Currently the Hamilton Children's Team is working with around 200 children but that figure is expected to rise during the pilot.
Chapman said not only will the affected children receive the supplies, but if required, also their siblings and caregivers.
The female parent would also be provided feminine hygiene products, which was another area in dire need of support.

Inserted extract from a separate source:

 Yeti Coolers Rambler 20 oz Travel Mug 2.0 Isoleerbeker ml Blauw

"Some of the things we hear a lot of is there's a really low amount of money for food, so personal hygiene and those types of things that we take for granted fall by the wayside, so part of this is towels and laundry detergent, all of those things that families really need to get their hygiene back up to a good level which most people wouldn't think people are going without."
Some of the children involved would already be in a KidsCan school receiving food support, but the new pilot was a "much deeper level of support for those families that basically have nothing".

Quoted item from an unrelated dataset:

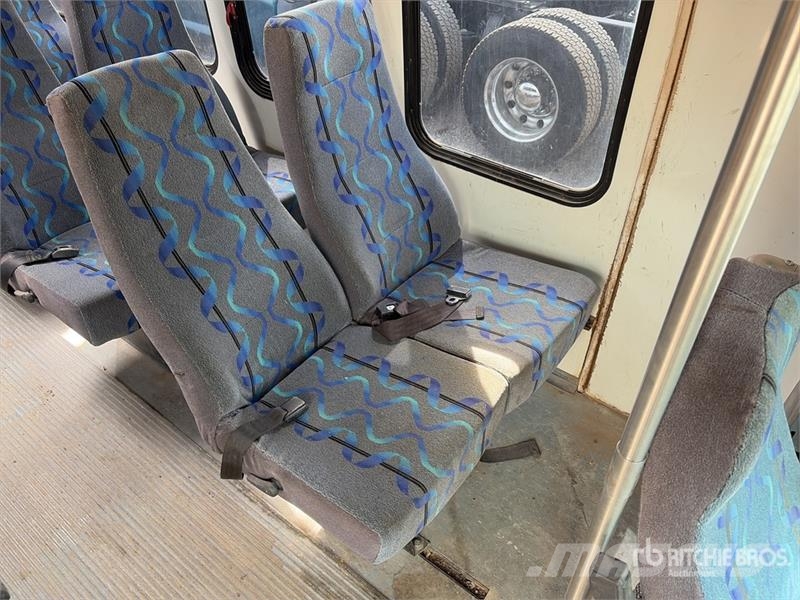Ford E450 4x2 14-Seat Transit Bus Minibuses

In the near three weeks the programme has been running, there had been orders for 19 beds already.
The children could currently be sleeping on a mattress on the floor or on the couch but they don't have their own space or bed, or sheets and pillows to go with it.
"I'm so excited to be able to do this because some people just don't understand how much deprivation and material hardship there really is out there.
"When I think about children going without these kinds of things, that I certainly took for granted growing up, it upsets me because it's not okay for this to be happening."
Auckland University's faculty of education and social work will evaluate the pilot, the terms of reference of which are still being ironed out, but will include whether the right products were supplied, did they meet their needs and whether the families' hygiene level improved.
The goal is to roll the programme out nationally which is expected to cost around $1million, a cost hoped to be eased by some form of Government funding.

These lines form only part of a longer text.